Pour comprendre : où passe la frontière du champ d’application
Être dans le champ du règlement ne veut pas dire crouler sous les obligations. Cela veut dire que le texte vous regarde, et qu’il faut alors situer vos usages dans la grille de risque (étape 3) pour savoir ce qui s’applique vraiment. Beaucoup d’usages bureautiques n’ont qu’une seule obligation : la littératie (art. 4).
Cinq idées reçues qui exposent l’entreprise
Sur le terrain, cinq croyances reviennent. Chacune expose l’entreprise.
- Croire qu’on n’utilise pas vraiment d’IA : faux — assistants de rédaction, tri de CV, chatbots et copilotes bureautiques en sont.
- Réserver le sujet aux data scientists : l’article 4 vise toute personne qui opère ou utilise l’IA pour le compte de l’organisation, y compris les non-techniciens et les prestataires.
- Compter sur un simple e-mail de sensibilisation : sans trace (qui, quoi, quand), rien n’est démontrable.
- Prévoir une seule formation pour tous : le niveau doit être adapté au rôle et au contexte.
- Attendre les sanctions : la supervision des autorités s’organise — le temps de préparation, c’est maintenant.
Décortiquons la plus coûteuse : un e-mail de sensibilisation suffit. Le problème n’est pas le contenu de l’e-mail, mais l’absence de preuve exploitable.
Face à un contrôle, on vous demandera qui a été formé, sur quoi, et depuis quand. Un e-mail diffusé une fois ne répond à aucune de ces trois questions de façon traçable. C’est ce point — la trace — que ce module vous apprend à construire.
Exemple travaillé : repérer l’idée reçue chez un dirigeant
Un dirigeant de PME affirme : Nous, on ne fait pas d’IA, on n’est donc pas concernés. Et de toute façon, j’ai envoyé une note interne, c’est réglé. Que faut-il lui répondre ?

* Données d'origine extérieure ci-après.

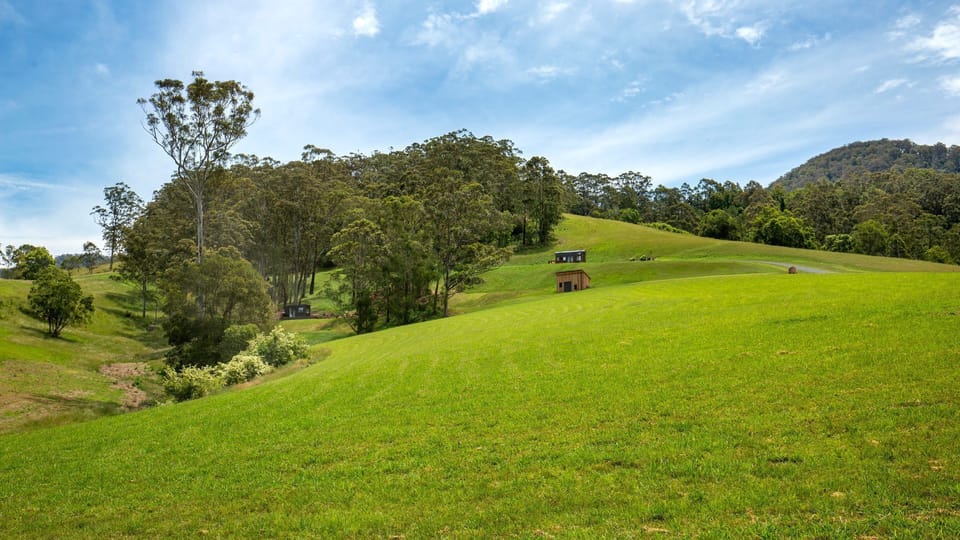 Surrounded by glorious countryside, Off-the-grid location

Deux erreurs cumulées. Première erreur : ses commerciaux utilisent un assistant de rédaction et un copilote bureautique — ce sont des systèmes d’IA, donc l’entreprise est déployeur et entre dans le champ (utiliser suffit). Seconde erreur : une note interne unique n’est pas une preuve ; elle ne dit ni qui l’a lue, ni ce qu’elle couvre, ni si la mesure est tenue à jour. Bon réflexe : reconnaître le statut de déployeur, puis remplacer la note par un dispositif daté, nominatif et conservé — exactement la logique former et documenter.
À retenir
L’AI Act est le premier cadre européen contraignant sur l’IA ; sa logique : plus un usage est risqué, plus les obligations sont fortes. Vous n’avez pas besoin de développer de l’IA pour être concerné — l’utiliser suffit. Les idées reçues (on verra aux sanctions, un e-mail suffit) exposent l’entreprise.